Tantangan terbesar bukan pada akurasi teknis, melainkan pada desain kelembagaan. Di Zhangjiang, tim lintas-disiplin — ahli urban planning, insinyur data, dan pegawai birokrasi tingkat kabupaten — ditempatkan dalam satu ruang kerja fisik selama 18 bulan penuh. Mereka tidak hanya mengembangkan model, tapi juga menulis panduan operasional untuk petugas lapangan: bagaimana membaca dashboard peramalan, kapan harus mengaktifkan protokol darurat, dan apa batas kewenangan pengambilan keputusan otomatis versus manusia. Ini adalah level kolaborasi yang belum terbayangkan di banyak kota Indonesia, di mana kepala dinas masih mengandalkan Excel dan rapat mingguan untuk koordinasi.

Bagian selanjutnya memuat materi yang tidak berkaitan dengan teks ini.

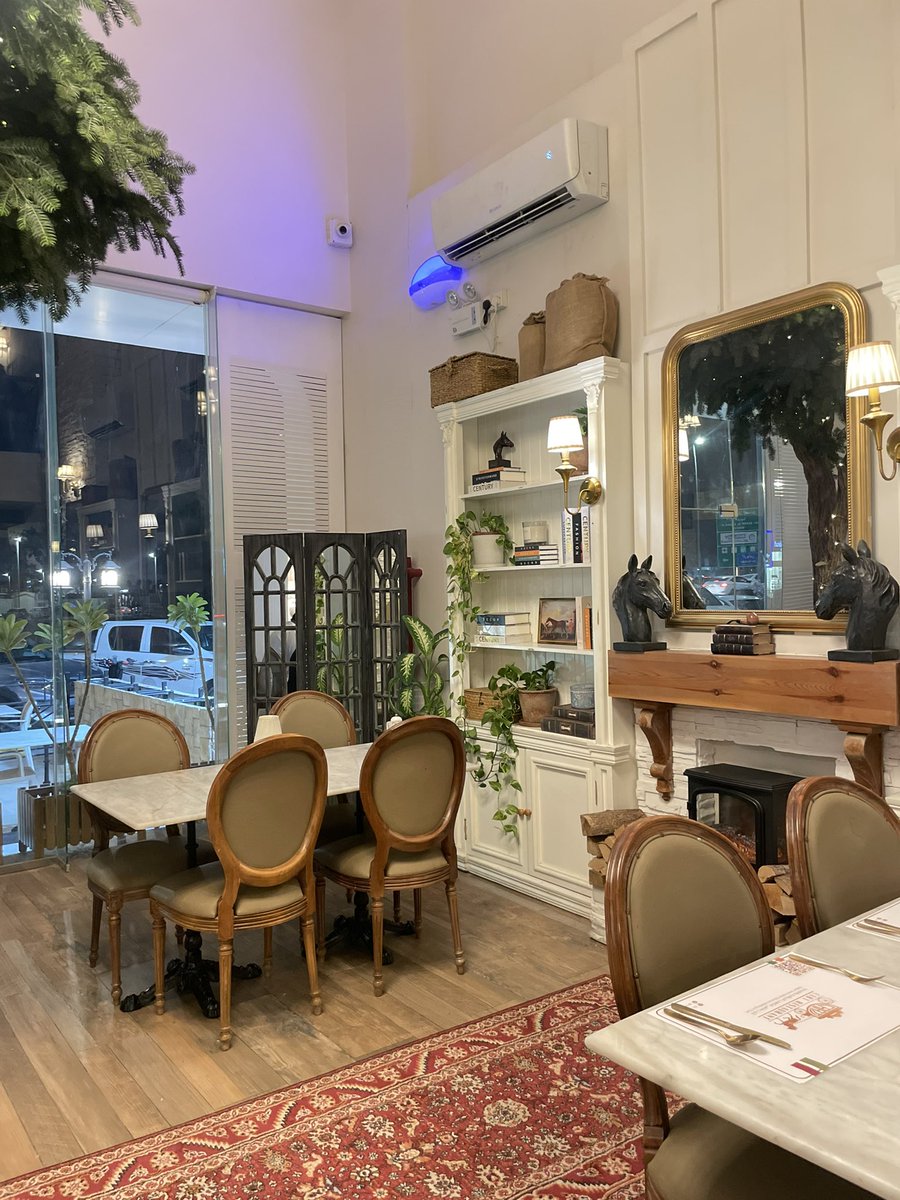 K__od20's tweet photo. ☕️🍰 https://t.co/OzaqccIeXd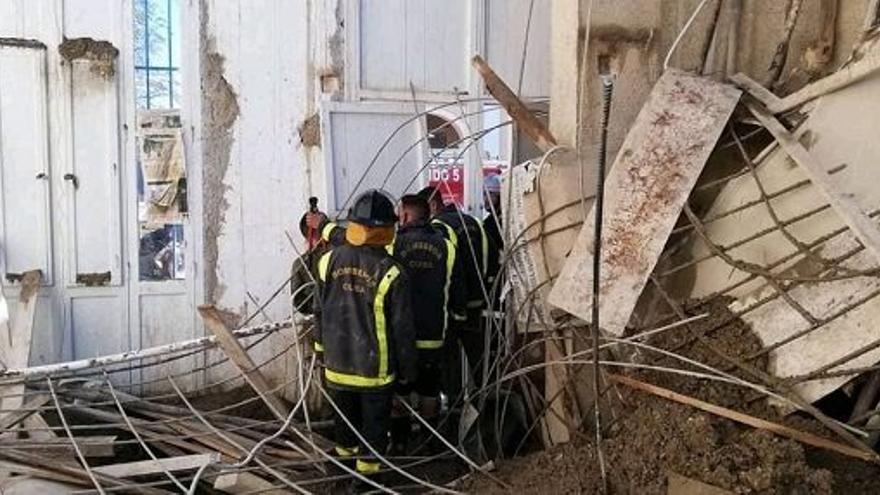 La placa en construcción se desplomó, dejando atrapadas a varias personas, cuatro de ellas tuvieron que ser hospitalizadas aunque no están graves. (Cubadebate)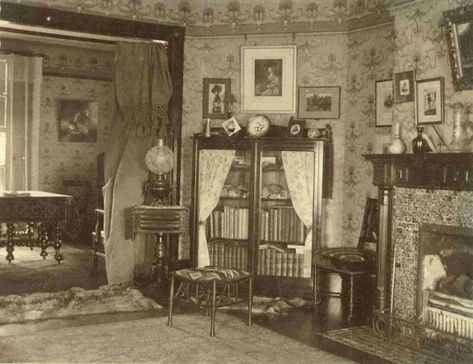 35 Cool Pics Show Victorian Interior Styles of the Late 19th Century ~ Vintage Everyday 19th Century Room, Late Victorian House Interior, Working Class Victorian, Old Victorian Interior, Victorian Aesthetic Interior, 1900s Apartment, Victorian Interior Design 19th Century, 1910s Interior Design, 1910s House Interior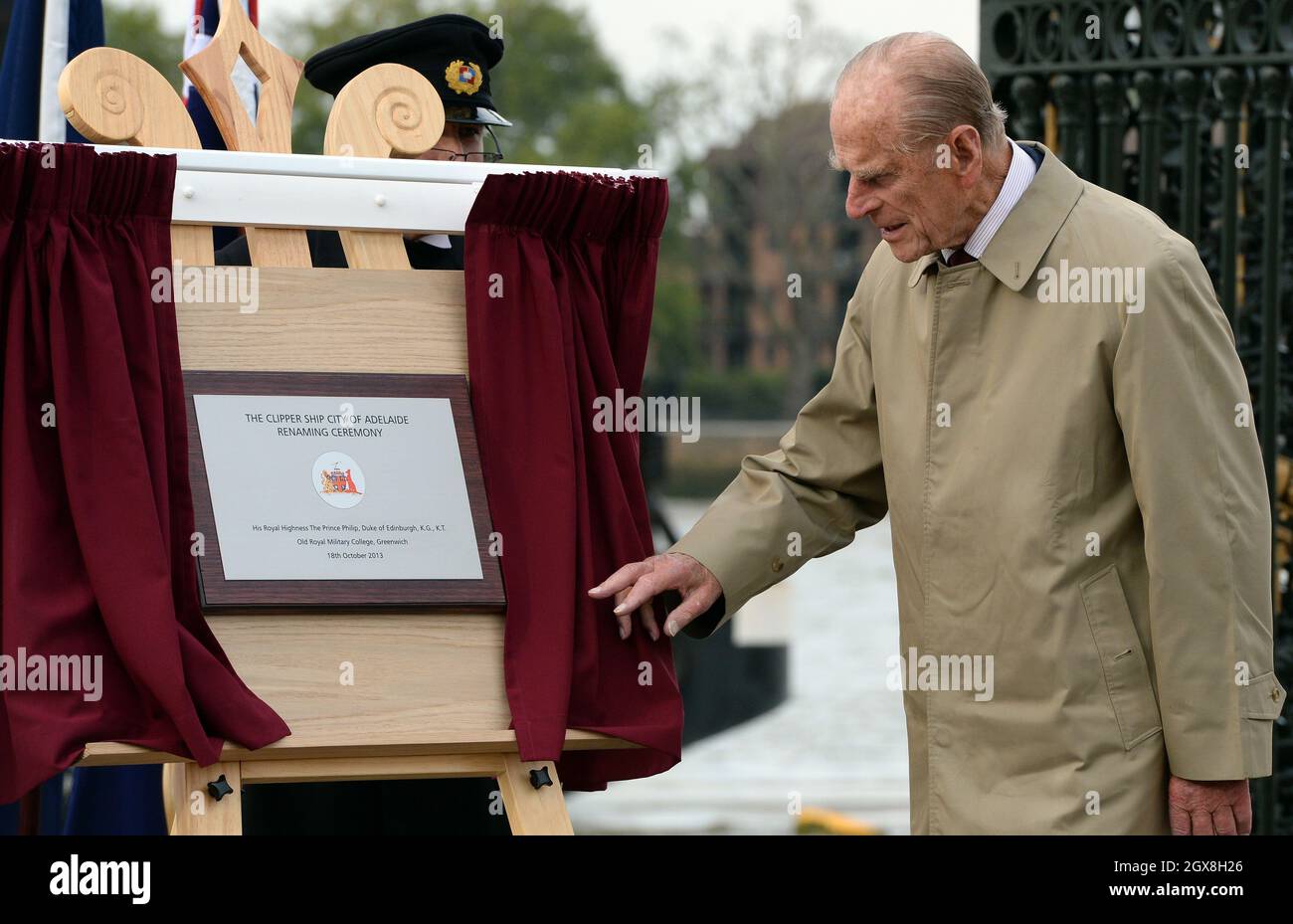 Il principe Filippo, il duca di Edimburgo, svela una targa alla cerimonia di ridenominazione della nave Clipper "la città di Adelaide" presso l'Old Royal Naval College di Greenwich. Foto Stock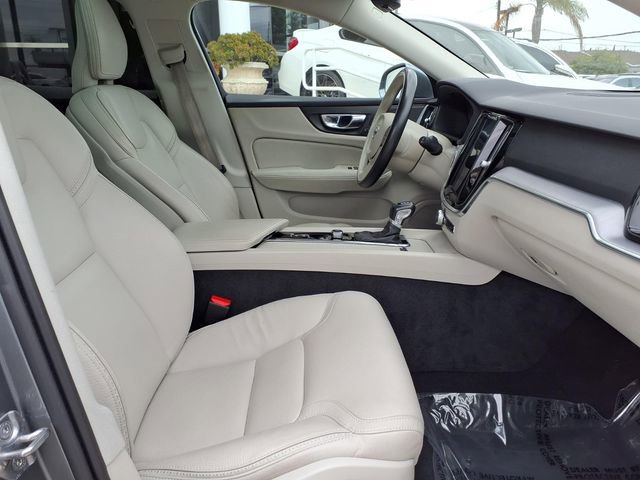 Used 2020 Volvo V60 T5 Cross Country image 27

Di tengah antusiasme terhadap kota pintar, model Zhangjiang justru mengingatkan bahwa teknologi bukan pengganti tata kelola — ia adalah penguat. Ketika data dari 20.000 kategori bisa dibaca, artinya pemerintah harus siap menjawab pertanyaan yang lebih sulit: siapa yang bertanggung jawab jika prediksi salah? Bagaimana memastikan warga bukan objek analisis, tapi subjek kebijakan? Dan apakah kota kita sudah punya mekanisme audit algoritmik yang bisa diakses warga — bukan hanya auditor internal?

Pertanyaannya bukan lagi apakah kita mampu membangun model seperti Zhangjiang. Tapi: apakah kita siap membangun sistem kepercayaan yang membuat model itu layak dipercaya?